§ Exercise directions
Using the data below, return word for word every line from the one holding "American crepe women's" down to the one holding "1pcs Space Universe". Leave pictures out.

§ Data under study
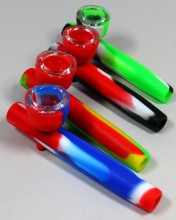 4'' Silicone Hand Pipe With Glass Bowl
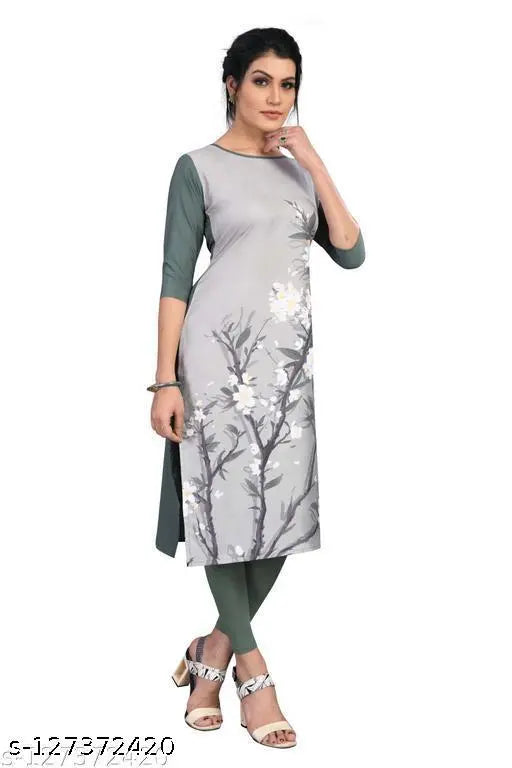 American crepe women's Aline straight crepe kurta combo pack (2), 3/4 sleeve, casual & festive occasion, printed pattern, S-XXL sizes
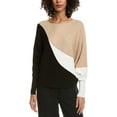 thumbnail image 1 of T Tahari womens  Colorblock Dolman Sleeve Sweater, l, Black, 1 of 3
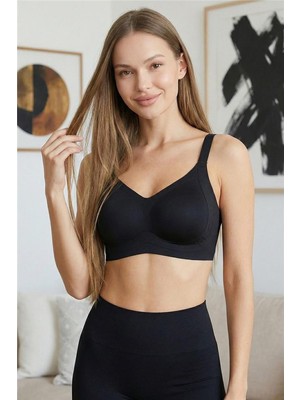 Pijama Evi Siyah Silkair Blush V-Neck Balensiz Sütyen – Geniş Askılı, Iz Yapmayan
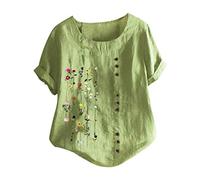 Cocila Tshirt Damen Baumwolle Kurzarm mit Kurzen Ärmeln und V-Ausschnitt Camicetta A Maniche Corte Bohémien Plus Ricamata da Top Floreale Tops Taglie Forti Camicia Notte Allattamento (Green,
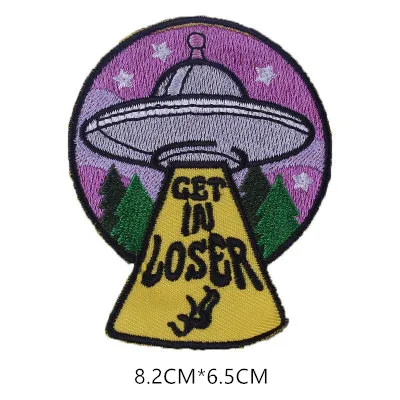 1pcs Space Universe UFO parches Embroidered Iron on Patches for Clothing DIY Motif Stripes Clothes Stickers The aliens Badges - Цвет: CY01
---
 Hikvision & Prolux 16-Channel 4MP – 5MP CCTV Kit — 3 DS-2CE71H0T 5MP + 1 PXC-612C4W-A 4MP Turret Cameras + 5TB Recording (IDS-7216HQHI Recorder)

§ Answer to this problem
 American crepe women's Aline straight crepe kurta combo pack (2), 3/4 sleeve, casual & festive occasion, printed pattern, S-XXL sizes
 thumbnail image 1 of T Tahari womens  Colorblock Dolman Sleeve Sweater, l, Black, 1 of 3
 Pijama Evi Siyah Silkair Blush V-Neck Balensiz Sütyen – Geniş Askılı, Iz Yapmayan
 Cocila Tshirt Damen Baumwolle Kurzarm mit Kurzen Ärmeln und V-Ausschnitt Camicetta A Maniche Corte Bohémien Plus Ricamata da Top Floreale Tops Taglie Forti Camicia Notte Allattamento (Green,
 1pcs Space Universe UFO parches Embroidered Iron on Patches for Clothing DIY Motif Stripes Clothes Stickers The aliens Badges - Цвет: CY01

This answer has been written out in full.